▸ Exercise description: From the listing that follows, reproduce only the lines from the one holding "Next, sensor settings" through the one holding "Hi guys, in", both included, with no pictures.

▸ The data:
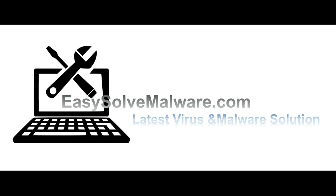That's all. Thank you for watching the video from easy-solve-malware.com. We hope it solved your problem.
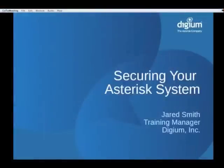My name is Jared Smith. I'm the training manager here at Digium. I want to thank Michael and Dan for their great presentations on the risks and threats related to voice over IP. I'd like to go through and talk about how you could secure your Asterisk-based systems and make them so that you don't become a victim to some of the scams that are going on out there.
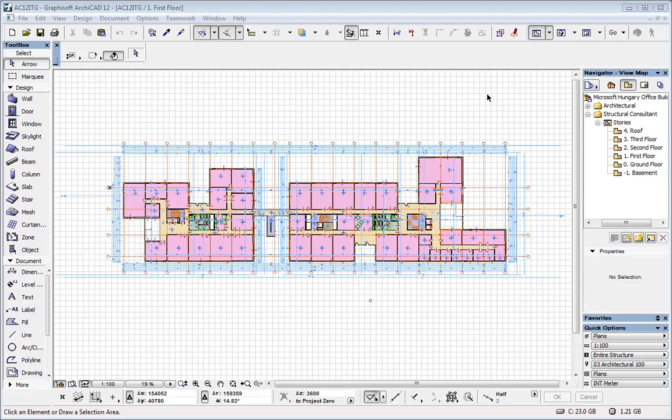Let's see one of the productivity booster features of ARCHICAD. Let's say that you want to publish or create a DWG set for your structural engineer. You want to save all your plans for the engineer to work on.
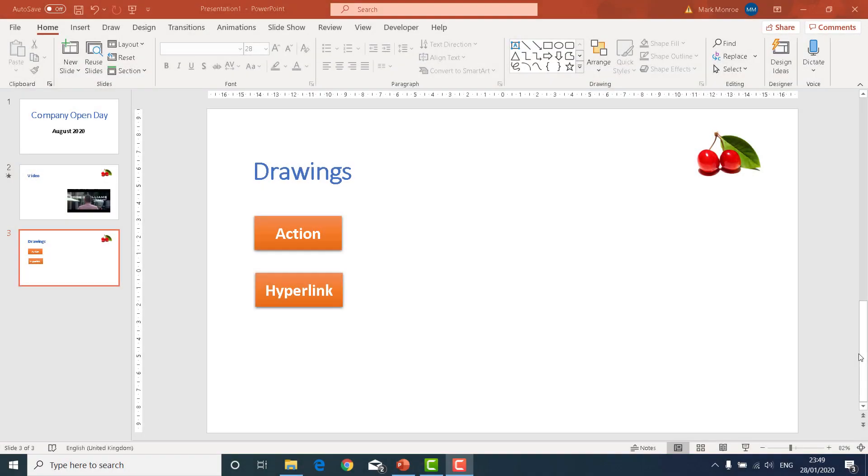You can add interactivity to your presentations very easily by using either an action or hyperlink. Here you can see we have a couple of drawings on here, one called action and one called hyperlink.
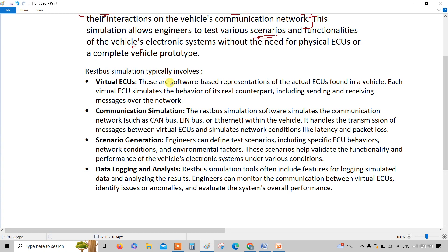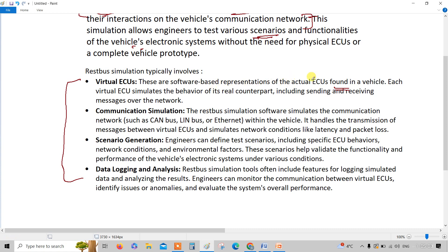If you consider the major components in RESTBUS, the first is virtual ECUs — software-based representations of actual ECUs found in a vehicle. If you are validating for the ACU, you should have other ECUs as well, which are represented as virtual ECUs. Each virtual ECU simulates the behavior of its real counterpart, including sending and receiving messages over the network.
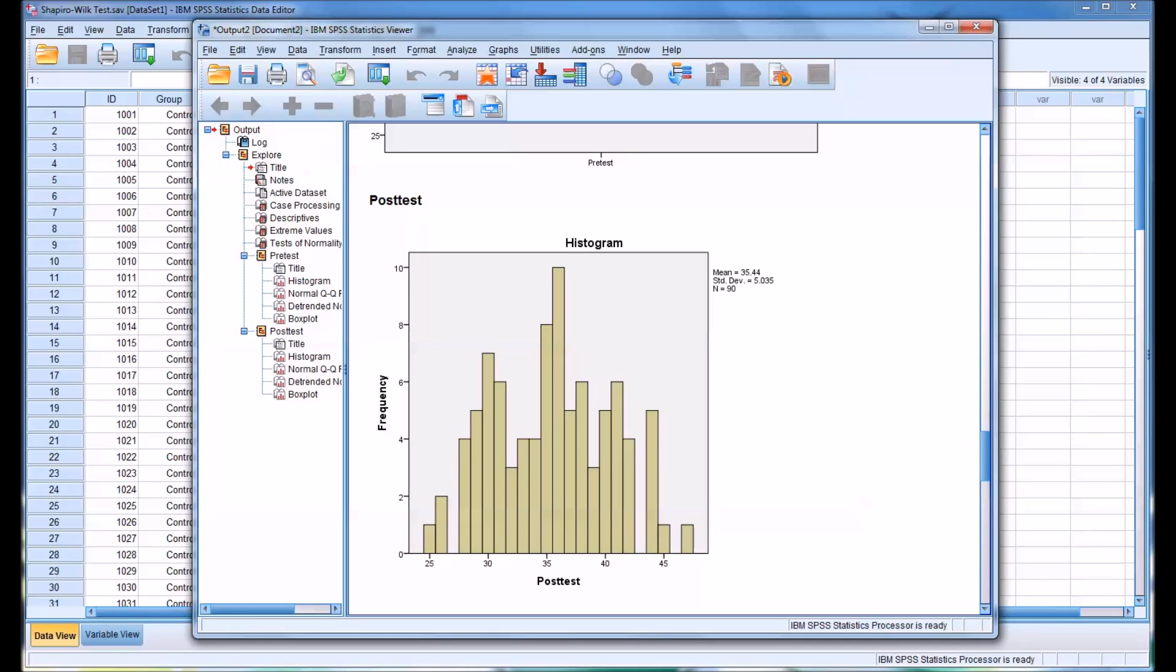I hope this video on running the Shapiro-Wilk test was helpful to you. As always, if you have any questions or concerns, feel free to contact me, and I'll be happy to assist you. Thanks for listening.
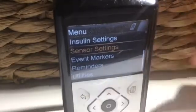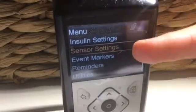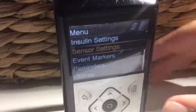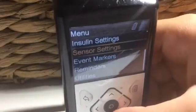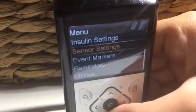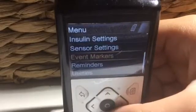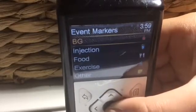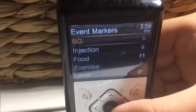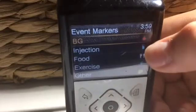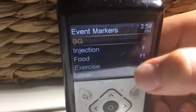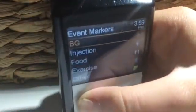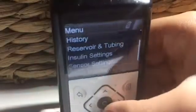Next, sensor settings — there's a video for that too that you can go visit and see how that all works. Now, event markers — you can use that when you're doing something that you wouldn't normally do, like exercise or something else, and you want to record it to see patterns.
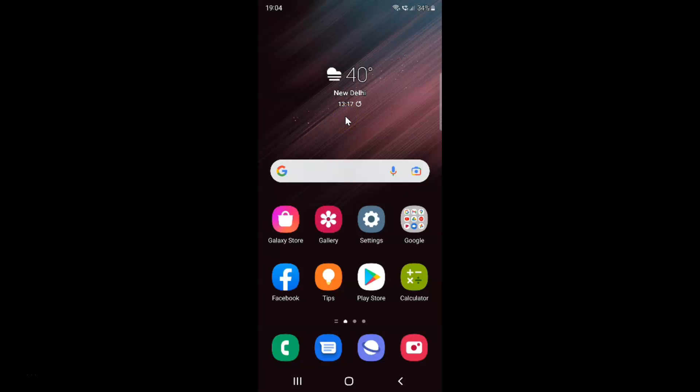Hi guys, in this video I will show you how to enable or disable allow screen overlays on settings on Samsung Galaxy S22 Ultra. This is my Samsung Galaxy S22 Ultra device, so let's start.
* * *
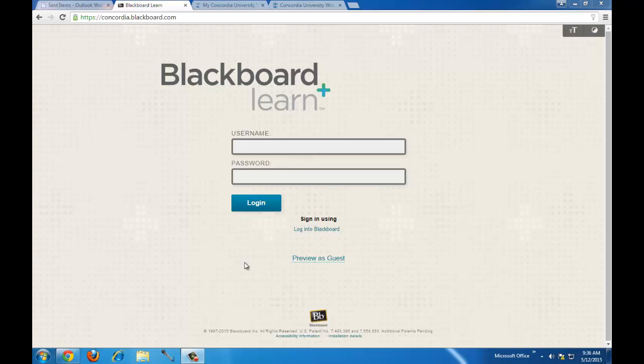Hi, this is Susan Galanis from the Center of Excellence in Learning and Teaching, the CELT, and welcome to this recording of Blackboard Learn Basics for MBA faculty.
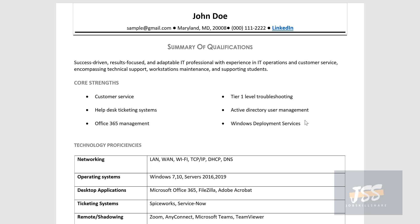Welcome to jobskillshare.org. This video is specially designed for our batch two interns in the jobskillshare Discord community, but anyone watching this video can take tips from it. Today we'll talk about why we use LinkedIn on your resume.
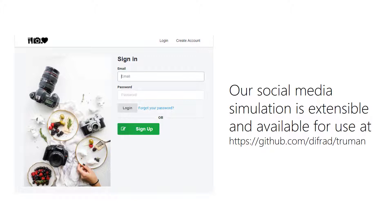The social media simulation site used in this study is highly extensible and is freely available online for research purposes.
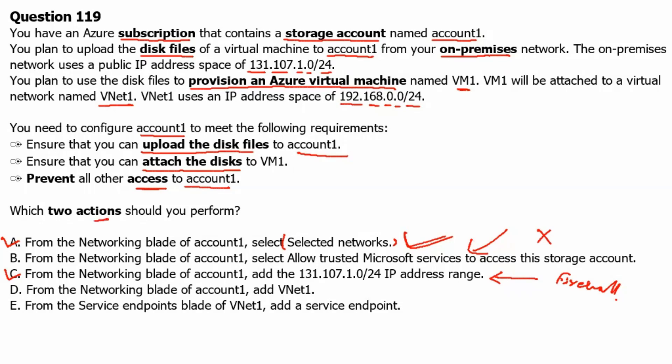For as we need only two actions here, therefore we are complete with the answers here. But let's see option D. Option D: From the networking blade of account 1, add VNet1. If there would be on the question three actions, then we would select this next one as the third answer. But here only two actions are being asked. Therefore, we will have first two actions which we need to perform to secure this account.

▸ Task answer:
Next, sensor settings — there's a video for that too that you can go visit and see how that all works. Now, event markers — you can use that when you're doing something that you wouldn't normally do, like exercise or something else, and you want to record it to see patterns.
Hi guys, in this video I will show you how to enable or disable allow screen overlays on settings on Samsung Galaxy S22 Ultra. This is my Samsung Galaxy S22 Ultra device, so let's start.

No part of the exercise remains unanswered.